David Sable has been practicing for his big audition since May. His shirt and tie are all picked out.

At exactly 9:04 a.m. Saturday the Prospect Heights seventh-grader should be lifting the baritone up to his face, to audition for the Illinois Music Education Association all-district junior band.

But a teacher is required to be with Sable at his audition, and with the strike in Prospect Heights Elementary District 23, that teacher cannot be there. Therefore, Sable and several other band students cannot try out.

“It's been devastating,” said Wendy Sable of the strike that has kept her son and the other 1,500 students out of school since Sept. 15. The strike is affecting not only learning but extracurricular activities as well. “I'm heartbroken.”

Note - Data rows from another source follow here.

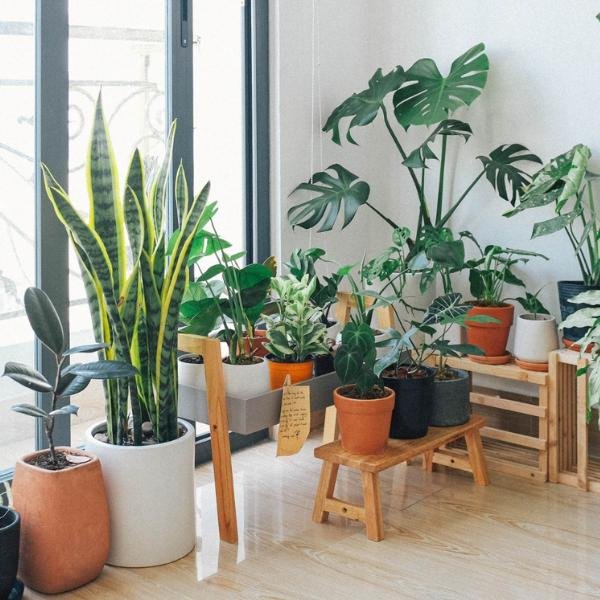 Image of Low Maintenance Plants Combo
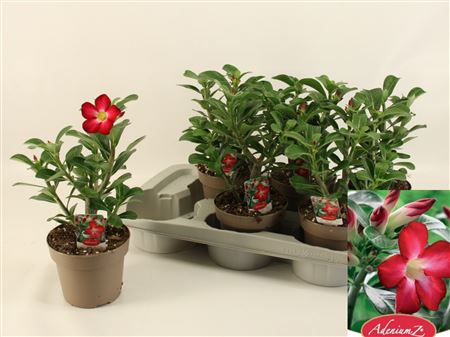 Adenium Xl Obesum Anouk
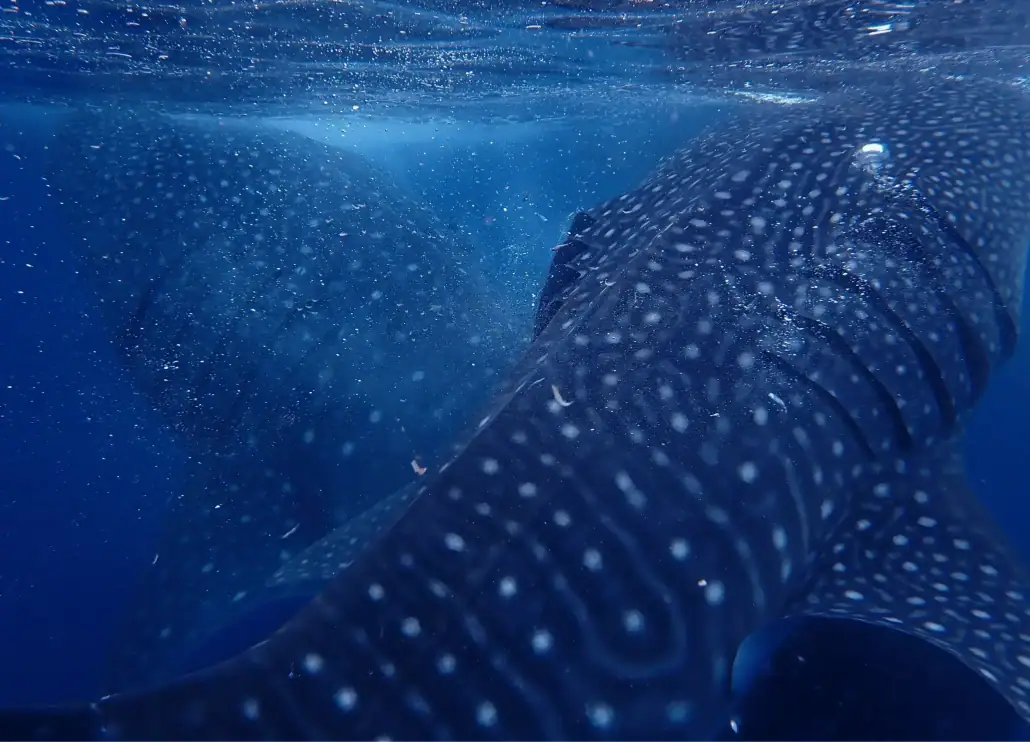 SeaTrek - two giant whale sharks Two gentle giants whale sharks
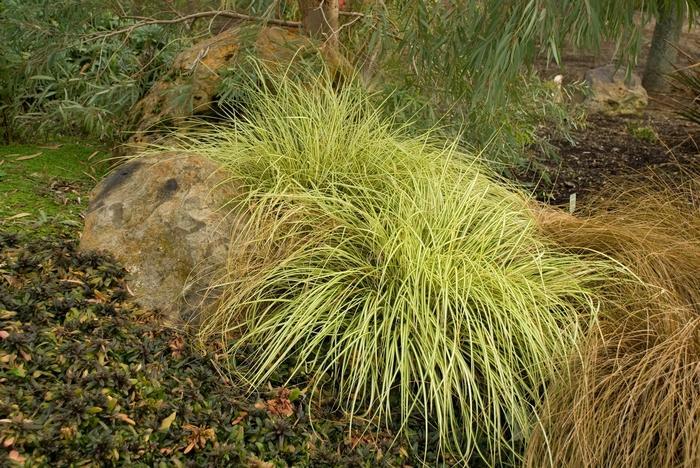 G0097 Grass, Carex Oshimensis 'evergold' - View 22 from www redcrocus com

Only the best music students are invited to audition for the IMEA district band, which rehearses and puts on a concert later in the year. Orchestra and choir students will audition later in the fall, by which time the strike may be settled.

“I am taking him to that audition,” Wendy Sable said. “If they turn him away, then they turn him away. I told him to hold his head up high and that no matter what happens, he is a good musician.

“None of this is the kids' fault. The ones who are getting hurt the most are the ones with zero voice in all of this.”

As the District 23 teacher strike heads into a seventh day Friday, parents are starting to lose faith that children will be back in class soon.

On Thursday, teachers voted to reject what the school board called its “best and final” offer, even though they agreed to meet with the union leadership again Thursday night.

Kalee Genis's family moved to Prospect Heights from St. Charles in June. Her son, Caidn, was just starting to make new friends in third grade when the strike began.

Genis, who also has a newborn daughter at home, said the excitement Caidn felt about having a couple of days off from school has worn off.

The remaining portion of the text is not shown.